Der Essener Rat hat 82 Mitglieder plus OB, der ebenfalls Stimmrecht hat. Die Hälfte der Ratsleute wird direkt gewählt über die 41 Essener Kommunalwahlbezirke, die andere Hälfte über ein kompliziertes System ermittelt, das die Gesamtstimmenzahl der einzelnen Parteien zur Grundlage hat. 2009 war es so, dass schon weniger als ein Prozent der Stimmen für ein Ratsmandat ausreichte.
Komplizierte Mehrheitsbildung bei sechs Fraktionen
Entsprechend bunt ging es im Rat in der zu Ende gehenden Ratsperiode zu: Sechs Fraktionen, drei fraktionslose Ratsleute wollen mitreden, wenn es um Straßenzustand oder Sportanlagen, Hausmeisterstellen oder Parkreinigung, Neubaugebiete oder Gewerbeansiedlungen geht. Die Mehrheiten sind kompliziert. Die SPD stellt mit 37,2 Prozent die stärkste Fraktion, die knappe Mehrheit aber besitzt ein Bündnis aus vier Fraktionen, das von der CDU geführt wird - und auch diese vier sind sich nicht immer grün. Politik im Rat hat in Essen längst nichts mehr mit Durchregieren zu tun, sondern ist zähe Moderatorenarbeit.
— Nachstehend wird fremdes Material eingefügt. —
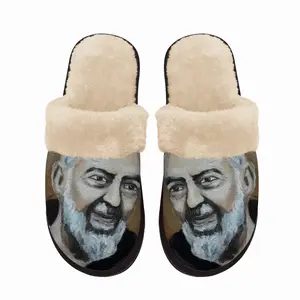 Men Saint Padre Pio Fuzzy Slippers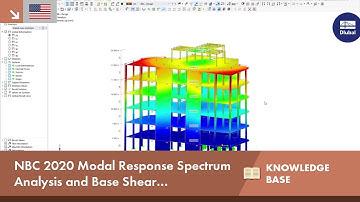 KB 001860 | NBC 2020 Modal Response Spectrum Analysis and Base Shear Considerations in RFEM 6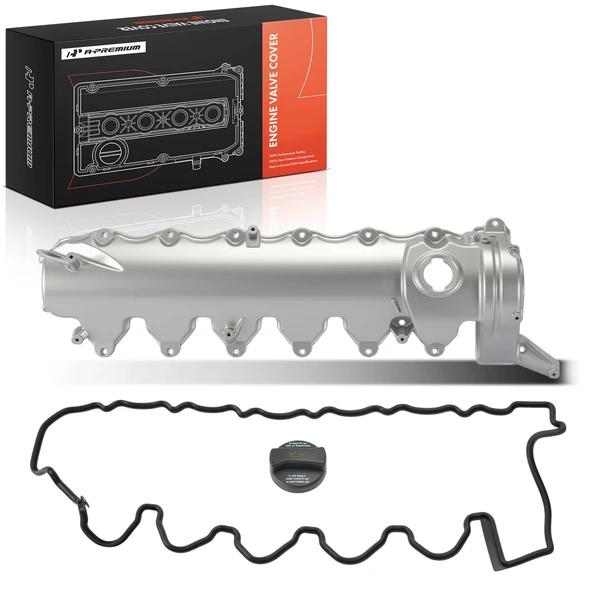 Passenger Engine Valve Cover with Gasket for 2005-2013 Mercedes-Benz S65 AMG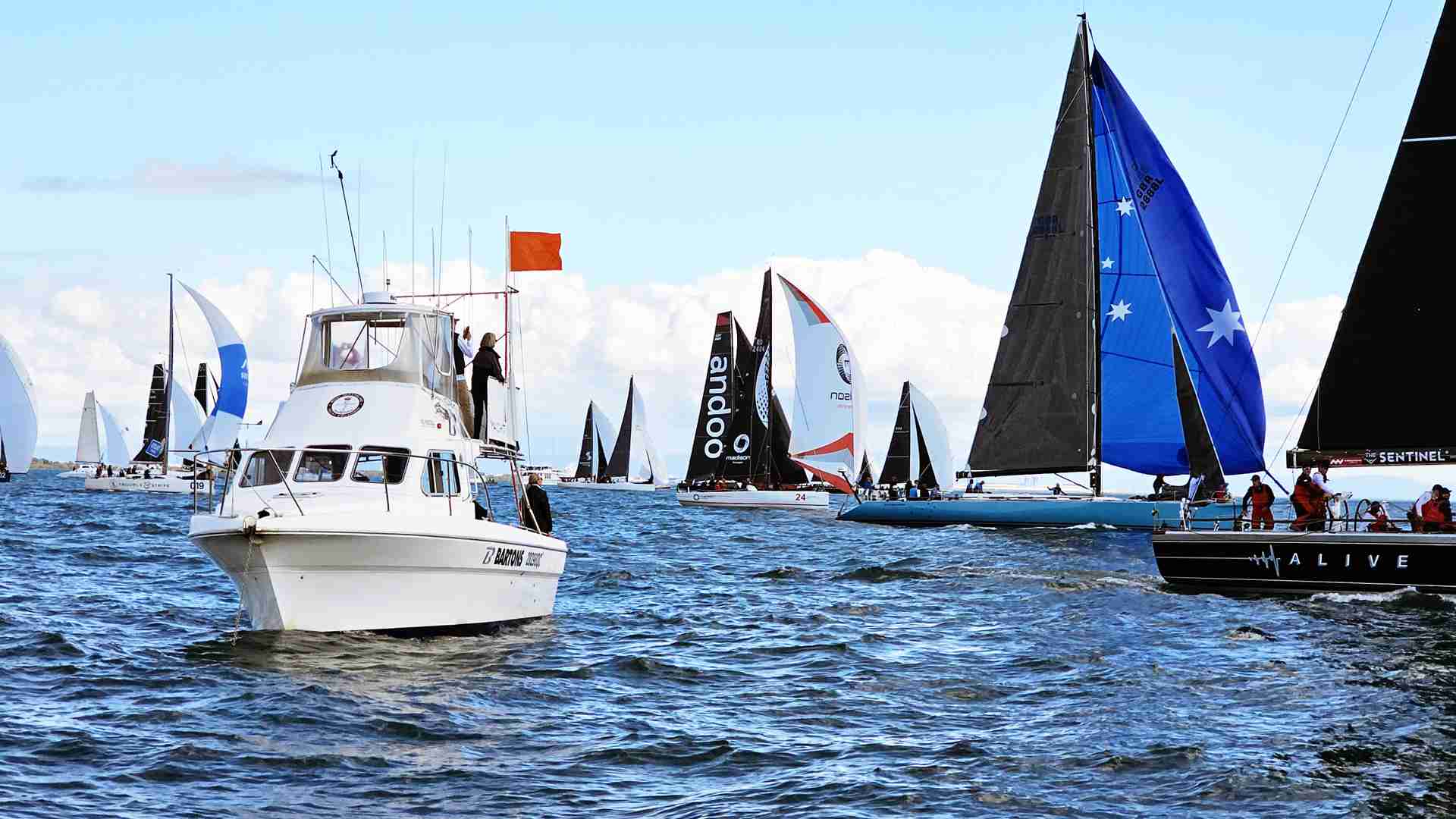 Brisbane to Hamilton Island Yacht Race 2023 Start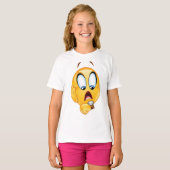 T-Shirt à l'émoji stressé (Devant entier)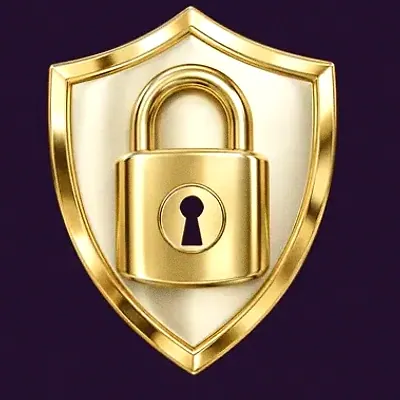 Shield with padlock — Spinago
Viele Entscheidungen sind dennoch unstrittig, werden mit breiter Mehrheit getroffen und nicht entlang ideologischer Trennlinien - Kommunalpolitik ist meist Sachpolitik, so soll es jedenfalls sein. Ein Rat darf natürlich auch streiten, muss aber zunächst mithelfen, das Funktionieren der Stadt sicherzustellen. Er hat im Rahmen des Grundgesetzes und der Gemeindeordnung in vielen städtischen Angelegenheiten ein gewichtiges Wort, muss die Macht aber mit dem ebenfalls direkt gewählten OB teilen. In Essen führte der Streit um die genaue Trennlinie schon zu gutachterlichen Auseinandersetzungen.
Bei fehlendem Geld sind ständig Abwägungen nötig
Weil das Geld knapp und die Schulden hoch sind und der Rat nur wenig eigene Stellschrauben zur Steuererhöhung hat, ist die Arbeit ein Balanceakt. Bei allen Entscheidungen gilt es ständig abzuwägen: Was ist wichtiger - das Jugendhaus oder der Messeausbau? Was ist dringender - das neue Schwimmbad oder die Denkmalpflege? Wo können Kosten eingespart werden - bei Stellen oder bei der Erwachsenenbildung?
DemokratieFormal sind alle Ratsmitglieder ehrenamtlich tätig, doch ist die Arbeit eigentlich nur zu bewältigen, wenn die jeweilige Erwerbsarbeit großzügige Freistellungen möglich macht. Deshalb findet man auch im Essener Rat vergleichsweise viele Angehörige des öffentlichen Dienstes und Selbstständige. Auch der Typus des faktischen Berufspolitikers kommt vor. Über besondere Funktionen wie etwa ein Bürgermeisteramt, über die Mitgliedschaft in Aufsichtsräten städtischer Unternehmen und in Aufsichtsgremien überlokaler Verbände wie den Landschaftsverbänden lässt sich zusammen mit den Sitzungsgeldern ein durchaus achtbares Einkommen erzielen.
Entscheidungen in informellen Kreisen sind üblich
In der Regel tagt der Rat acht Mal im Jahr, die entscheidende Vorarbeit wird aber in den zwölf Fachausschüssen erledigt - etwa jenen für Bau und Verkehr, Finanzen oder Kultur. Faktisch fallen viele Entscheidungen allerdings deutlich früher - in den Ratsfraktionen und oft sogar in den informellen Kreisen einiger Fraktionschefs, die ihre Parteifreunde dann anschließend meist rasch überzeugen. Das ist nicht sehr transparent, aber schwer zu verhindern.